We decided that we’d head to Colorado, but we’d take the long way, up and around Nebraska so that we could see South Dakota. There was just one problem, I really didn’t think through how many more miles that added to our trip.
On one hand it seems like it’s no big deal, we have our house, we can take it slow and get there when we get there. But, on the other hand, we wanted to get there.
When I first bought the RV I’d heard that 300 miles was a good maximum distance to go in a day. It seemed reasonable to me and that’s actually the number we used when coming back from Florida after buying the RV. It worked well for us. But, sometime in the nine months since that trip, I forgot. A few people had mentioned 400 miles as their max and I got that number stuck in my head and, unfortunately, used it when planning our trip.
Our first leg of the trip we only went about 200 miles and stayed in Tennessee for a week. No problem. It was when we left Tennessee that we realized my new plan was not going to work.
Setting a new pace
We drove 400 miles into Missouri on our second travel day (thankfully a week after our first travel day), and spent a week in misery after doing so. It was just too far. We were both ready to be done driving at about 250 miles, reinforcing that 300 miles really should be our absolute max.
There was just one problem. The 4th of July was coming up and I’d already booked our travel plans up through the fourth. As it was only about a week away our options were limited.
I’d originally had us planning to drive 400 miles on the third to spend two days in a tiny town for the fourth (in an effort to avoid the crowds but make progress towards our destination), leaving there on the 5th to drive about 150 miles to spend a week in Sioux Falls, SD. With less than a week before the fourth I knew we weren’t going to find many (if any) other places that we could book for that night. The best I could hope for was to break the trip in half and do it in two days instead of one. So, that’s what we did.

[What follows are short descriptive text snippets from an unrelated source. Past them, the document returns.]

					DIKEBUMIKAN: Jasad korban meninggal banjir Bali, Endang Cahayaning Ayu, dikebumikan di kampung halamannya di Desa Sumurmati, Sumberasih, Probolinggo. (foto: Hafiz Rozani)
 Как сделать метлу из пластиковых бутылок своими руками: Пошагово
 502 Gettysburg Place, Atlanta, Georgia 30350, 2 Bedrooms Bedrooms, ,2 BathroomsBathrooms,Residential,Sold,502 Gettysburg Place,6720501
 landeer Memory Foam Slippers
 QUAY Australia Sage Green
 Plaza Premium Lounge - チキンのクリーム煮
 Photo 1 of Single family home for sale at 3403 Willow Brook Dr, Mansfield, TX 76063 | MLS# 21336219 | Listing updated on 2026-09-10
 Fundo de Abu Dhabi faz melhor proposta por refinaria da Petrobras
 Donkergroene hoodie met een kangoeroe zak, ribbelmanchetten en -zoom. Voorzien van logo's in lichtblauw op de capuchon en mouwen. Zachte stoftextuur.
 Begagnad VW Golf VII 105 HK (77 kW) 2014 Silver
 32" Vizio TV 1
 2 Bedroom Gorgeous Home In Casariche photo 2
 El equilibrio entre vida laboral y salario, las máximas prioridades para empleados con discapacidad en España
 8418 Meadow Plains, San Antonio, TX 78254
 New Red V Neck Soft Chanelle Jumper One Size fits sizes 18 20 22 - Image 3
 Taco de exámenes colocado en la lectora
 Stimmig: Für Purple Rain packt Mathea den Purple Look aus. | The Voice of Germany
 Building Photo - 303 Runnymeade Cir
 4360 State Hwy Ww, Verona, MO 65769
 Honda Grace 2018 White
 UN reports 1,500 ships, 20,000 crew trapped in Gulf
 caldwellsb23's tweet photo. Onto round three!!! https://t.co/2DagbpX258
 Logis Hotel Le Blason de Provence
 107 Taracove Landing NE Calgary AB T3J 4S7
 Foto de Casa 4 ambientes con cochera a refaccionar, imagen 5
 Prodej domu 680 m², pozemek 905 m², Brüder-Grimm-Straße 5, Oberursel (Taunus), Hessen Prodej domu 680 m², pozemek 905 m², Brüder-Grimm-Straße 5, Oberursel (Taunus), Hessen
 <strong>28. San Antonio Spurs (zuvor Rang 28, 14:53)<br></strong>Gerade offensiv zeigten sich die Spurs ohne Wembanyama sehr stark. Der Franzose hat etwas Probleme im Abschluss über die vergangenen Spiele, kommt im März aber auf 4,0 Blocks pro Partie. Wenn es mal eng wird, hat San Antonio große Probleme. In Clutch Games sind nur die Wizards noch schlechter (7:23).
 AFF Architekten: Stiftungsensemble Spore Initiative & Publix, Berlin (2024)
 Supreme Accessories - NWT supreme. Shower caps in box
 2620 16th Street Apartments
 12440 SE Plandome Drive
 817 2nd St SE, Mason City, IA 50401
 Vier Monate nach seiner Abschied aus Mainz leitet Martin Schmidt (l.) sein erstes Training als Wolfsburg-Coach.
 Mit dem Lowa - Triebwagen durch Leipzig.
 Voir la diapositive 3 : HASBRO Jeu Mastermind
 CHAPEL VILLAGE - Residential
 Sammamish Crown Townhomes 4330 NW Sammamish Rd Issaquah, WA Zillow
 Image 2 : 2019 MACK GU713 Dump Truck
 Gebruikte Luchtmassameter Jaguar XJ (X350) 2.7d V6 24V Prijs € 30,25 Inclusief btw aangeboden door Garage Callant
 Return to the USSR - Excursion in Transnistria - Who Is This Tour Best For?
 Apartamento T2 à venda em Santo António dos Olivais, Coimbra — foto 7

I did what I could to break our already planned trip down. Once we made it to Sioux Falls we were both worn out and spent most of that week just resting.
A week later we continued our journey, driving 300 miles across the state to Wall, SD for a night, then another 60 miles the following day to the Black Hills where we are currently staying until we decide to leave.
The Importance of Pacing
Years ago I learned the importance of pacing. It seems like a huge concept but it’s simply about listening to your body and learning your limits. It takes a bit of time initially, to learn what activities are more likely to leave you worn out, to learn how much you can do before you need to rest, and how often you need to take a break so that you don’t spend the next several days (or longer) paying for a single activity.
Pacing is about conserving your energy. In the course of normal living, it means that you may take longer to finish cleaning your house (cleaning a bit each day and never having the whole house clean at once).
Pacing is about prioritizing your time. Pacing often means making choices and trading one activity for another. You have to decide what’s most important and use your time for that. You may decide that spending time playing with your kids is more important than making sure the dishes are washed and the bed is made.
Pacing is important even if you’re healthy, but when we live with chronic illness it is not only more important it’s more difficult and it takes time to learn.
I had to learn that I can’t just push through and do all the things (as much as may want to). When I was feeling my worst in the early days of fibro, I would often overdo it on my good days because they were so rare that I felt like I had to do all the things. What I learned was that doing all the things was a big part of what would send me right back into a flare.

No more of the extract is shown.